Public speaking is your secret weapon for building a professional business. It will be critical to your practice’s success and will allow you to achieve your goal of helping people while becoming financially successful. Expensive Yellow Page ads and marketing gimmicks cannot compare to the close, personal connection you can establish with patients at a lecture or workshop. That connection builds trust and trust builds your practice.
Unfortunately, most doctors don’t implement this strategy out of fear. The fear of public speaking affects more people than the fear of death. Many doctors fear appearing like they are trying to sell something. Guess what doctor?

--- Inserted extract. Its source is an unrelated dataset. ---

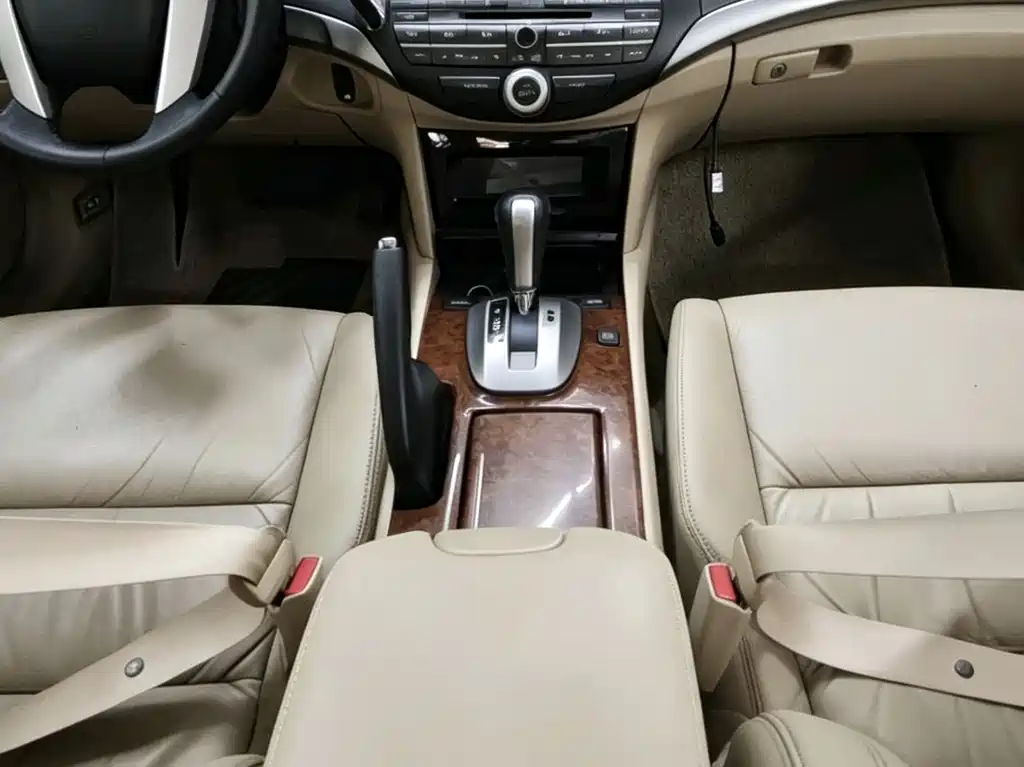 Honda Accord — миниатюра 8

You are selling! You’re selling yourself and the value of chiropractic every day. Failure to realize this fact will put you on the fast track to practice ruin. Your primary objective in public speaking is getting new patients into your office. For that to happen, you’ve got to be willing to “close” them.
Below are five skills you can develop to step beyond the fear.

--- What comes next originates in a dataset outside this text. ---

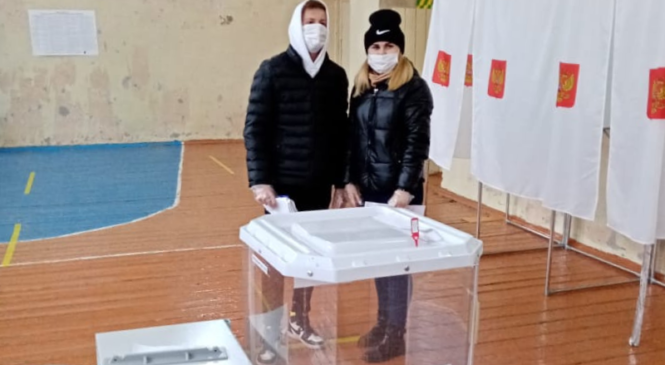 Студенты впервые в жизни проголосовали в родной деревне Старые Тойси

1. Add value to your speech.
Many speakers are concerned with one thing, getting their speech or presentation over! If they survive without dying, embarrassing themselves, or throwing up they feel like a success. This means the speaker who just wants to survive is more concerned with himself or herself than the audience. They are more focused on their feelings, appearance, or nerves than delivering a message that will create maximum impact in the lives of their listeners. Great speakers think more about their audience than themselves. Their main objective is to present a message of value that delivers information and motivation and can alter the lives of those who use it.
How do you do this?
1. Discover the audience’s problem and address it with a solution.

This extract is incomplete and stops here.